Your task is to return exactly the lines that run from the one containing "ステップワゴンスパーダ スパーダ・クールスピリットホンダセンシング サイドエアバック" through the end of the listing below, without any pictures.

=== Extracted records ===
.....

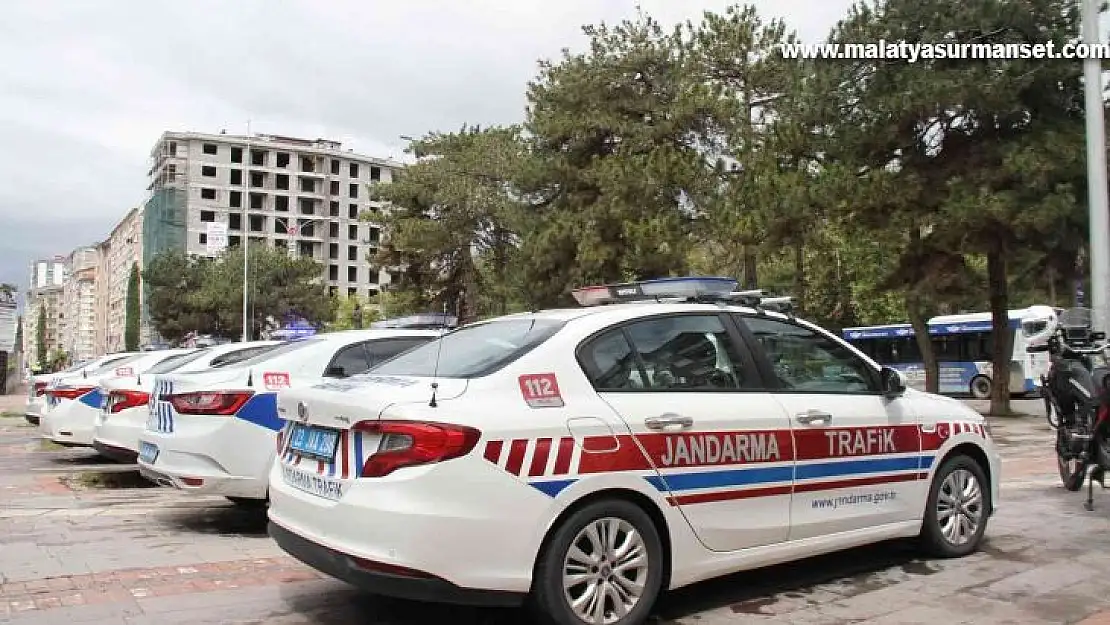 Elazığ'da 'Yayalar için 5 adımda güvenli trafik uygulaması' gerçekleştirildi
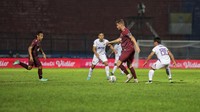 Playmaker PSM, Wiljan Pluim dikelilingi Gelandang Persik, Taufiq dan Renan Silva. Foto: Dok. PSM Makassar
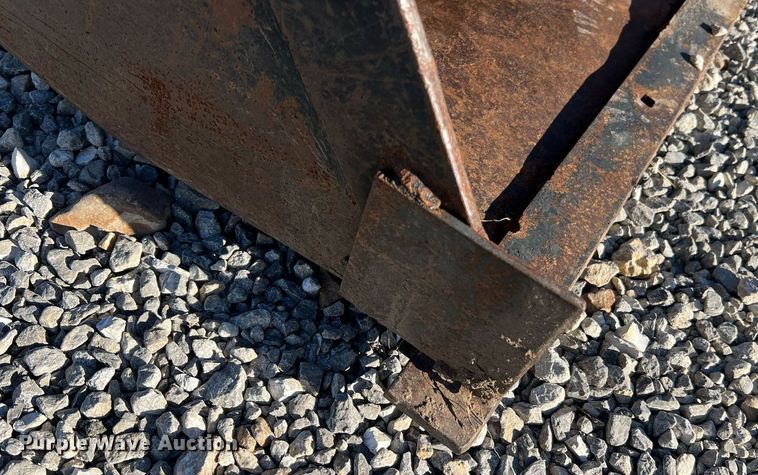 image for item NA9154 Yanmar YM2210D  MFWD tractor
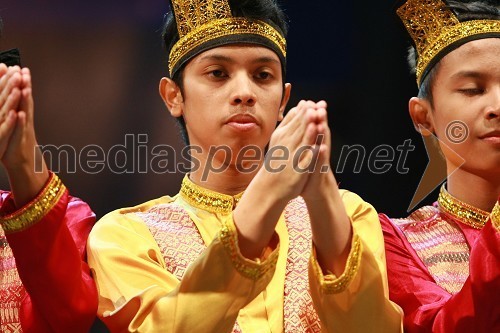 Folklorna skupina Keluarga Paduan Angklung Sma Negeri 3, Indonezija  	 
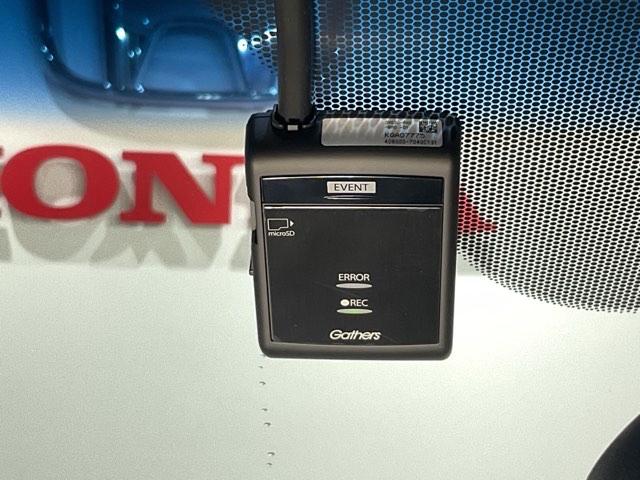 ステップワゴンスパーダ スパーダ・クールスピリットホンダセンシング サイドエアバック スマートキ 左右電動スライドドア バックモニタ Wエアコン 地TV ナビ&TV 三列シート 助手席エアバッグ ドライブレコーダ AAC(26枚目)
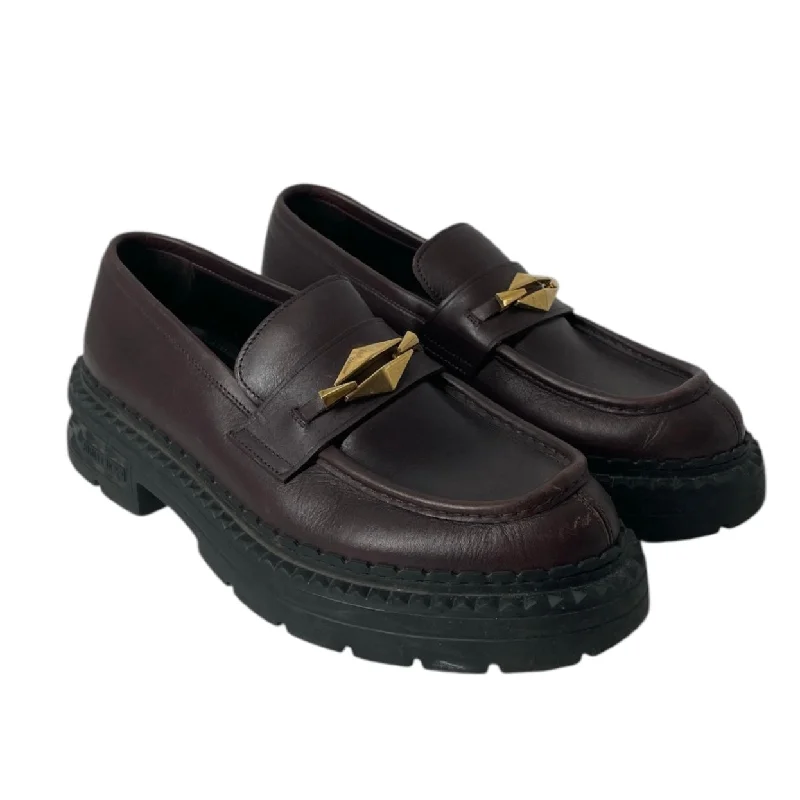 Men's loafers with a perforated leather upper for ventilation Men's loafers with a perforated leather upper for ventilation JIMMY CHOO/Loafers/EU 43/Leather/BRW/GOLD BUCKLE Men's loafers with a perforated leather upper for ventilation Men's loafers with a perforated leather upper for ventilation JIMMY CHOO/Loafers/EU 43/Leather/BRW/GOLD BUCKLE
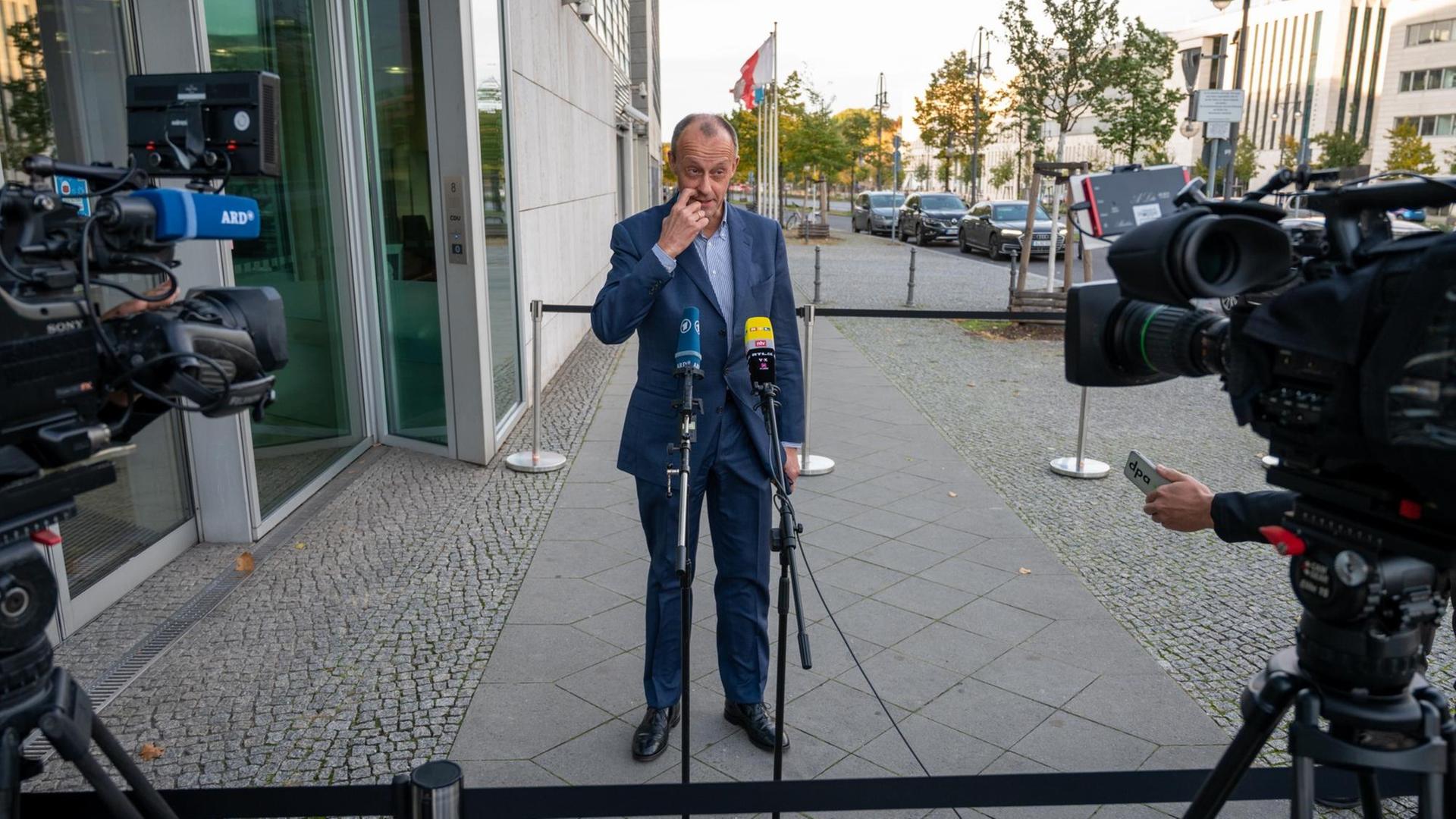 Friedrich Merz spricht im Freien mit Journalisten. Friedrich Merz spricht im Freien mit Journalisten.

.....

=== Result below ===
 ステップワゴンスパーダ スパーダ・クールスピリットホンダセンシング サイドエアバック スマートキ 左右電動スライドドア バックモニタ Wエアコン 地TV ナビ&TV 三列シート 助手席エアバッグ ドライブレコーダ AAC(26枚目)
 Men's loafers with a perforated leather upper for ventilation Men's loafers with a perforated leather upper for ventilation JIMMY CHOO/Loafers/EU 43/Leather/BRW/GOLD BUCKLE Men's loafers with a perforated leather upper for ventilation Men's loafers with a perforated leather upper for ventilation JIMMY CHOO/Loafers/EU 43/Leather/BRW/GOLD BUCKLE
 Friedrich Merz spricht im Freien mit Journalisten. Friedrich Merz spricht im Freien mit Journalisten.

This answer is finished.